A desconexão entre esta família - e eventualmente a mensagem mais presente em Marasmo - é uma constante. De uma presença pouco sentida a uma ausência como estado normal de estar "por perto" criam um sentido desconforto no espectador que espera por um momento de uma sentida tensão que, no entanto, nunca chega. Talvez seja esse o marasmo de Marasmo. A concretização de uma apatia ou de uma paralisação sentimental que faz estes três elementos encontrarem-se desconectados daquilo que os rodeia.
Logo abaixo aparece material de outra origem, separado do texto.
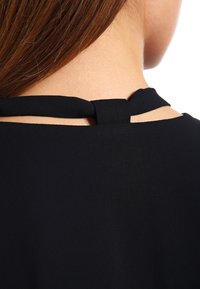 Musta mekko, jossa on halkio yksityiskohtana takaniskassa, valmistettu sileästä kankaasta yksinkertaisella muotoilulla ja saumattomalla viimeistelyllä.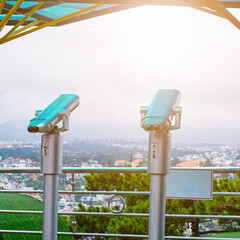 image of coin operated binoculars viewer in front of the sea landscape. vintage filtered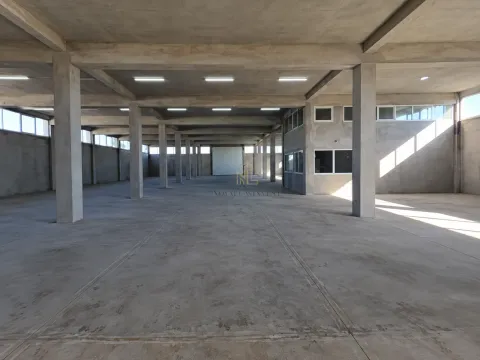 Empty industrial space in grey phase with concrete pillars. - image 2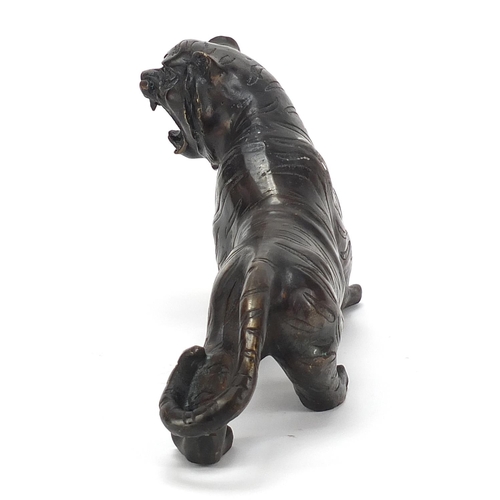 653 - Large Japanese patinated bronze tiger, 31cm in length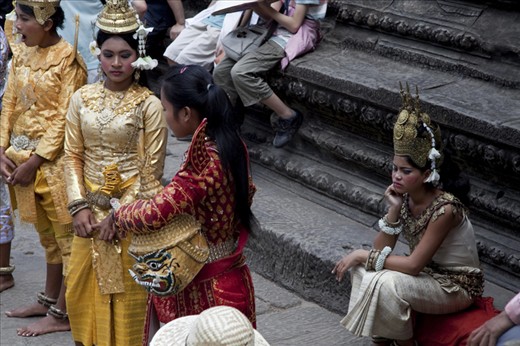 A girl dressed in traditional Khmer costume gets off her feet in between costumers. A steady stream of tourists pays one dollar each to photograph her troupe. With over 1 million visitors to the site each year and rising, increased opportunity for employment comes with the price of site degradation.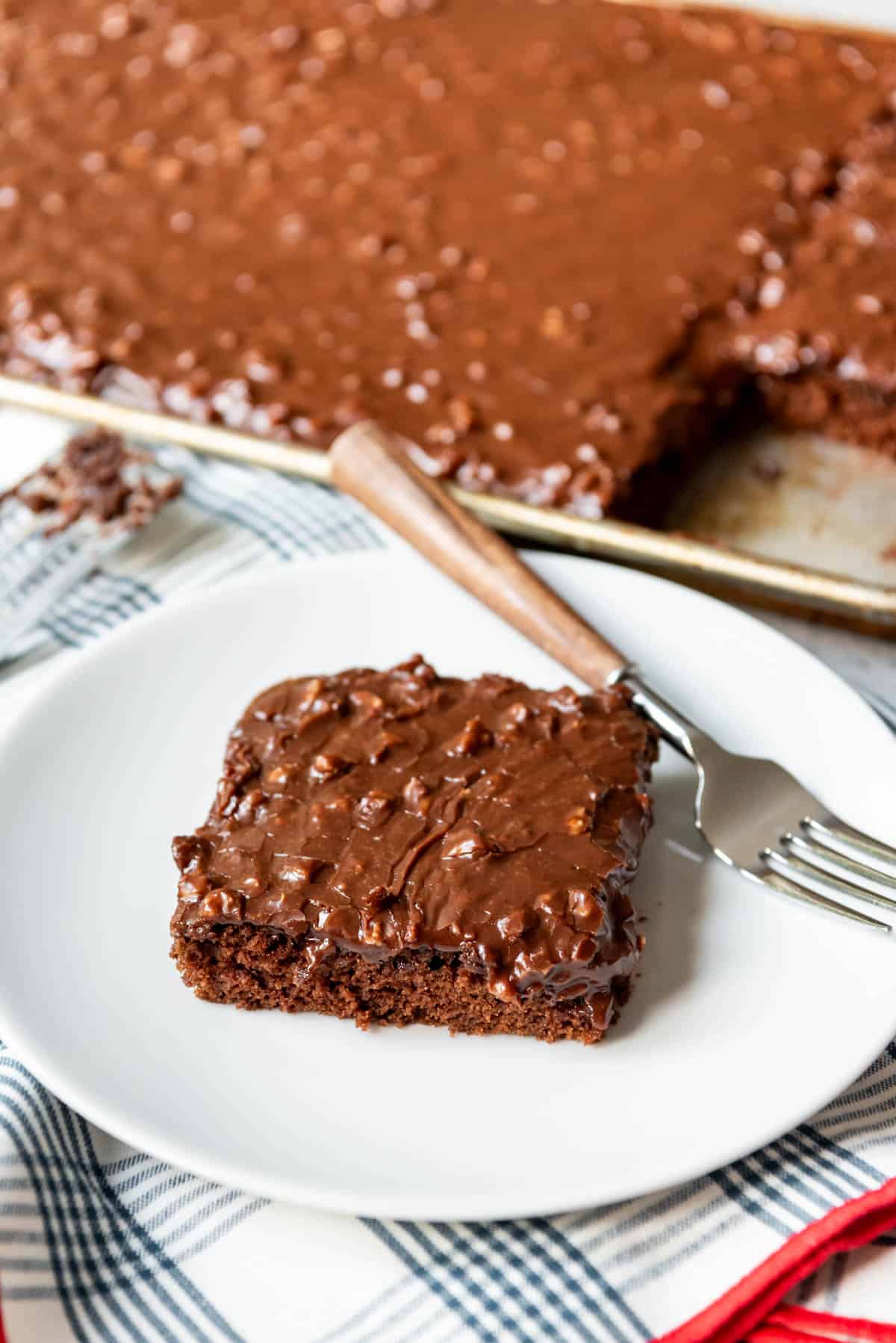 An image of a slice of chocolate sheet cake on a white plate.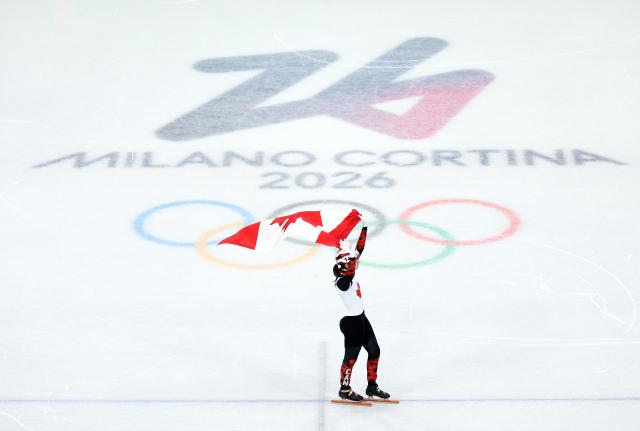 (260216) -- MILAN, Feb. 16, 2026 (Xinhua) -- Courtney Sarault of Canada celebrates after the short track speed skating women's 1000m final A at the Milan-Cortina 2026 Olympic Winter Games in Milan, Italy, Feb. 16, 2026. (Xinhua/Li Ming)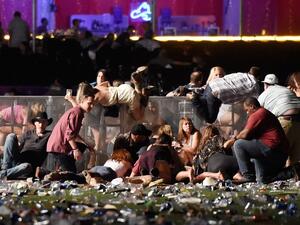 People scramble for shelter at the Route 91 Harvest country music festival after apparent gun fire was heard on October 1, 2017 in Las Vegas, Nevada (David Becker/Getty Images North America/AFP)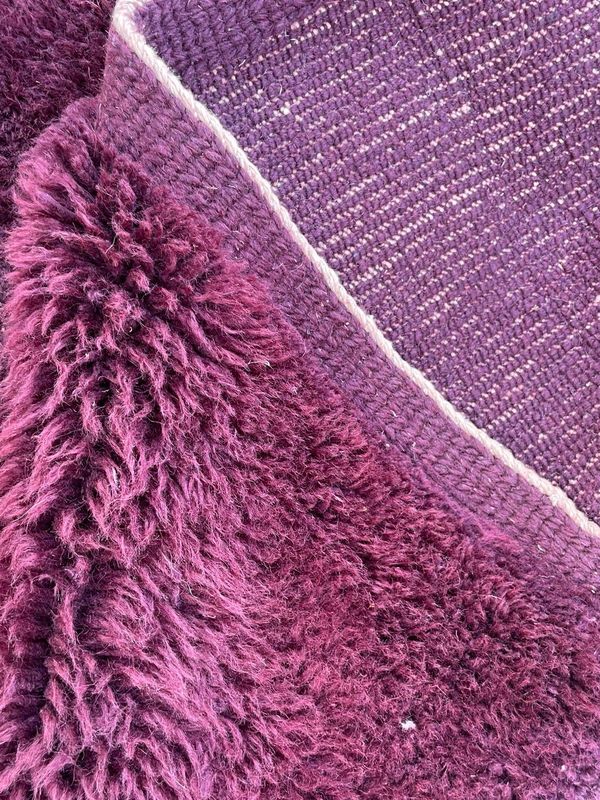Dos du tapis, rangées de nœuds visibles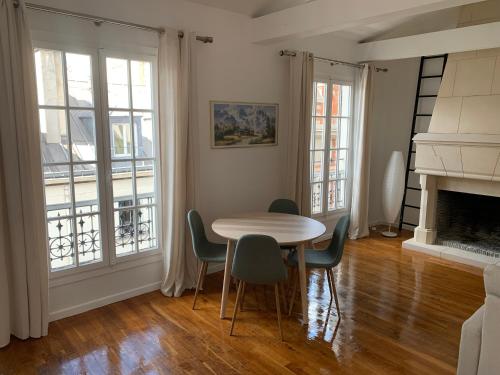 a dining room with a table and chairs and a fireplace at VUE SUR LA SEINE in Paris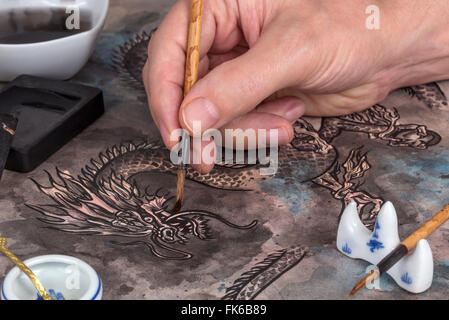 Artiste à l'aide du pinceau et encre calligraphie bloc de peindre un dragon chinois traditionnels Banque D'Images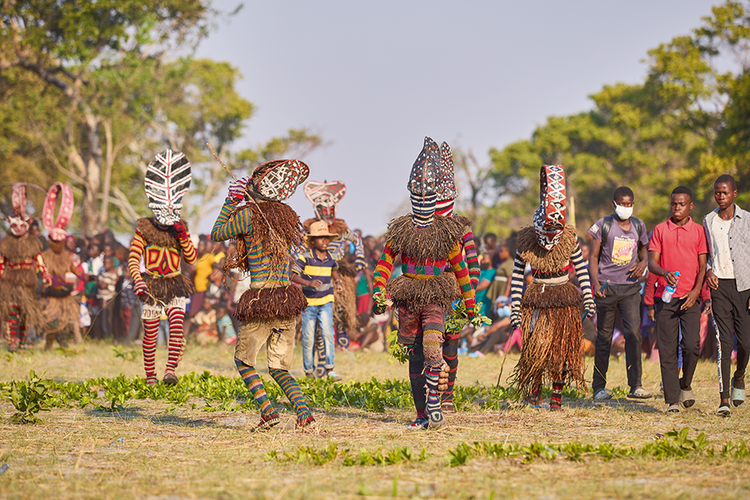 A group of makishi prepare to perform the traditional kuhunga dance. (Image by Nkwazi/Justine Kunda).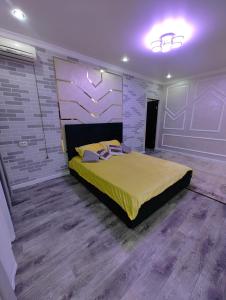 a bedroom with a large bed in a room with wooden floors at Apartments in Taraz
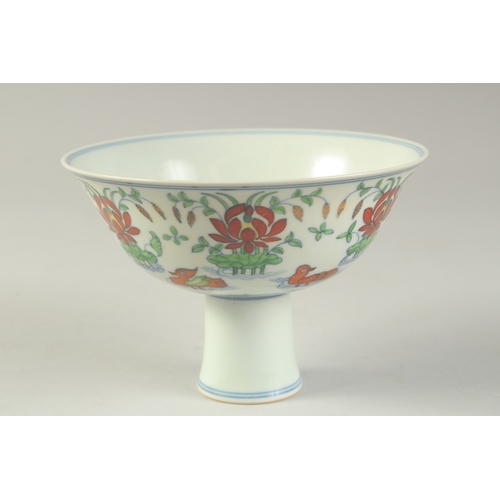 1189 - A CHINESE DONCAI PORCELAIN STEM CUP with flowers and duck.  15.5cm diameter.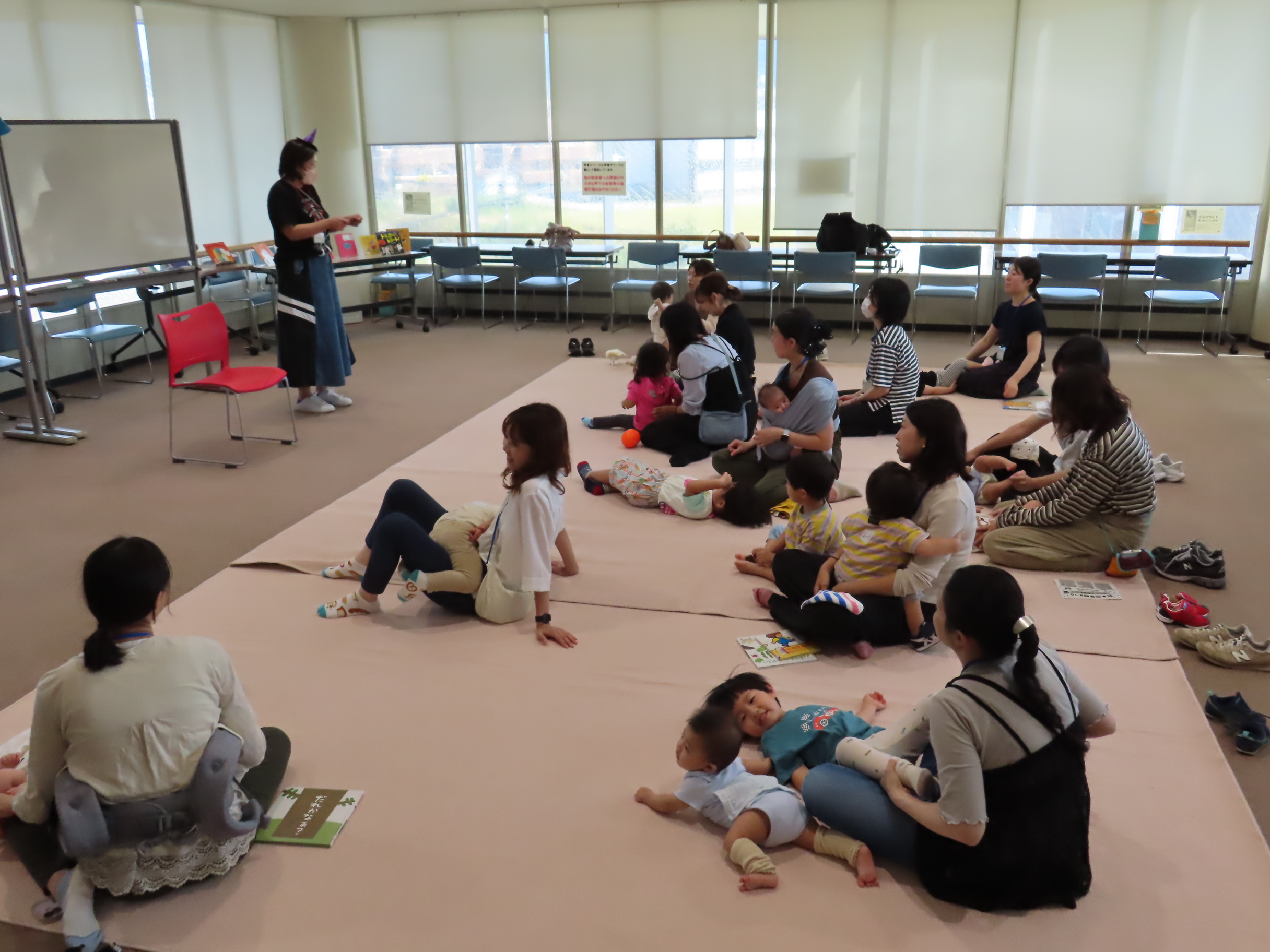 絨毯の上で寝ころんで親子のふれあい遊び「ラララぞうきん」をしている様子。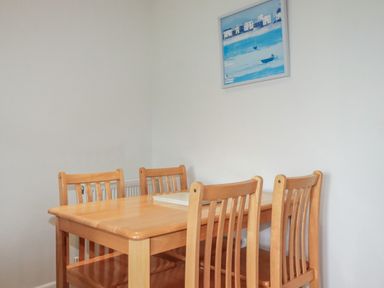 A wooden dining table with four chairs and a blue painting on a white wall at Freefolk Cottage in Polzeath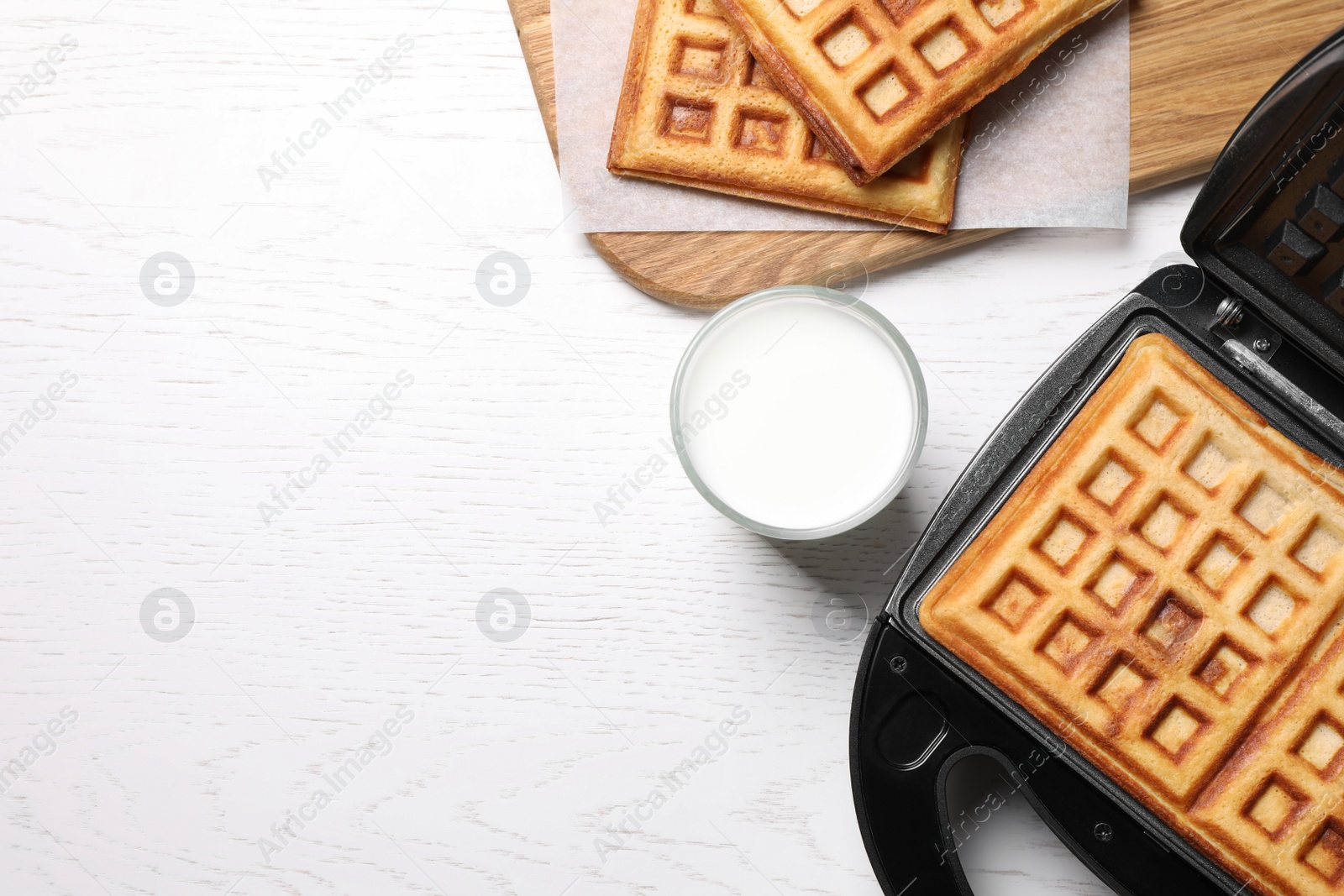 Photo of Flat lay composition with fresh Belgian waffles on white wooden table. Space for text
De uma vida com uma eventual partilha de afectos, de preocupações e de interesse sobre o outros, sobre as suas actividades e principalmente sobre a sua presença estando, todos eles, num estado de ilusão aparente como que a viver um intervalo numa realidade que se "passeia" à sua volta sem que dela queiram saber.
Com uma interpretação praticamente silenciosa mas muito expressiva, os três actores destacam-se pela sua própria ausência de protagonismo que é, portanto, partilhado estando, no entanto, o rosto de um Carlos Sebastião que tanto nos habituou à comédia no centro desta apatia sentimental - mas bem carnal - ao dar corpo a um homem que assume como escolha a sua distância de um lar que não lhe é querido (apesar de uma pontual "preocupação" com a filha) e que encontra o seu único e possível refúgio dentro do seu camião com o qual viaja pelas estradas do país.
Gonçalo Loureiro cria um filme bruto pela forma como expõe uma ideia de apatia sentimental, belo com a intensa e também ela muito expressiva direcção de fotografia da autoria de António Pinheiro que (des)caracteriza todas as suas personagens, espaços e estados de alma (quando esta se manifesta), e tenso pela recriação de uma sentida indiferença, distanciamento e eventual apatia que consegue colocar num mesmo espaço três personagens unidas entre si mas distanciadas pela indiferença (quem sabe repulsa) que cresceu no seu seio... quem sabe na esperança da espera por algo que sentem ter perdido mas que compreendem nunca ir chegar.
Seguramente um dos melhores filmes curtos do último ano, Marasmo é certamente a pequena grande prova de fogo de um realizador que se afirma pela grandeza do seu trabalho e - espero - pelos muitos que o futuro o irá fazer criar.